Larga parte dello spazio è attribuito alle grandi bocche da fuoco e ai mezzi ruotati relativi al periodo e corredati da testi esplicativi. Un percorso ricco di storia attraverso le sezioni dedicate alla Propaganda, alla Trincea, alla Guerra industriale, fino ad arrivare al comparti della disfatta di Caporetto, dove è illustrata una delle pagine più tristi della storia italiana, e del L’ultimo fronte  dove sono raccontate le fasi finali del conflitto. Un’interessante parentesi su “1914-1918 Trieste in guerra” delinea la storia e le sorti della città dal periodo immediatamente precedente alla conflagrazione fino alla fine della guerra.

Contiene la più grande collezione di armi piccole,medie e grandi d’Italia.

Diego de Henriquez nacque a Trieste il 20 febbraio 1909, fin da giovane si dedicò con passione al collezionismo di oggetti della natura più varia, ma l’inizio della grande collezione bellica cominciò nel 1941,quando richiamato alle armi fu autorizzato dai superiori a recuperare “preda bellica”. Iniziò ad allestire un Museo di guerra, contemporaneamente diede vita a un Giornale del XXV Settore, compilò una guida relativa allo stesso Settore e predispose un laboratorio fotografico. Dopo il 1945,essendo un abile diplomatico, riuscì con le autorità delle diverse truppe di occupazione nel territorio, ad ottenere altro materiale militare che incrementò la sua già ampia collezione.

CIVICO MUSEO SVEVIANO

Italo Svevo pseudonimo dello scrittore Aron Hector Schmitz è ritenuto uno dei principali esponenti della cultura mitteleuropea.

Nasce a Trieste il 19 dicembre 1861 in una famiglia della borghesia ebraica. Nei suoi tre romanzi Una vita (1893), Senilità (1898), e La coscienza di Zeno (1923), sono espressi i tratti salienti della sua opera, derivati in modo stringente dalle esperienze personali come la scoperta della psicoanalisi freudiana e dal periodo culturale in cui egli visse.

Nel 1907 l’incontro e l’amicizia con il suo insegnate d’inglese lo scrittore irlandese James Joyce risvegliarono in lui la fiducia nelle sue capacità artistiche.  Quando i critici italiani nel 1923 ignorarono “La coscienza di Zeno”, Joyce, la cui pubblicazione nel 1922 di “Ulisse” lo aveva reso la voce della modernità, chiamò a raccolta i critici parigini perchè applaudissero Zeno. La fama e il riconoscimento del valore delle sue opere arrivarono gli ultimi anni della vita di Svevo, spezzata il 13 settembre del 1928 dalle conseguenze di un incidente stradale.
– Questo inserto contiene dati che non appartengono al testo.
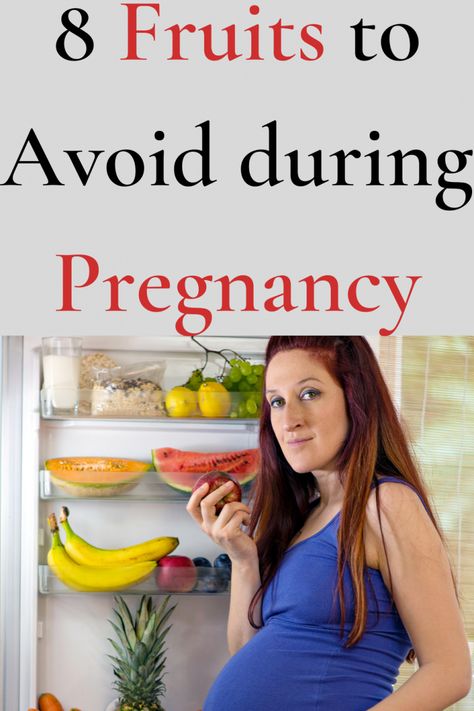 The List of Fruits To Avoid During Pregnancy Pregnancy Food List, Pregnancy Fruit, Best Fruits To Eat, Baby Essential Checklist, Pregnant People, Birth Prep, Fruit Combinations, Pregnancy Calculator, First Time Pregnancy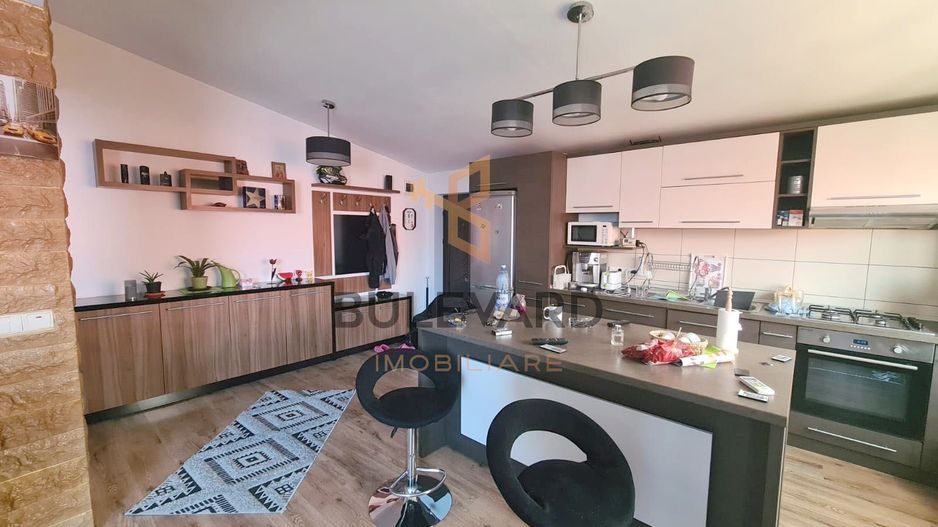 Apartament cu 2 camere zona strazii Eroilor - Poză 3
Il civico museo sveviano è stato inaugurato il 19 dicembre (la data del giorno in cui ricorre il compleanno di Svevo celebrata ogni anno al museo con una manifestazione) del 1997. Il museo nasce dalla decisione di Letizia Svevo Fonda Savio, figlia dello scrittore, di donare il prezioso patrimonio di oggetti e carte alla Biblioteca civica di Trieste, frequentata in gioventù dal padre, e presso la quale già esisteva una “saletta sveviana”. Purtroppo la maggior parte dei beni personali, appartenuti allo scrittore, e anche i manoscritti dei suoi tre romanzi sono stati distrutti durante il bombardamento aereo che colpì, il 20 febbraio 1945, la villa e la fabbrica dei Veneziani, la famiglia della moglie di Italo Svevo.

I pochi oggetti che sono pervenuti al museo, però, hanno avuto una grande importanza nella vita dello scrittore e, in particolare, il mobile-libreria  caratterizzato dal monogramma con le iniziali intrecciate inciso sulle ante; il violino su cui Svevo per molti anni si è esercitato e col quale si è esibito in un quartetto durante alcuni concerti privati e la penna d’oro che Livia, sua moglie, gli regalò in occasione del loro fidanzamento.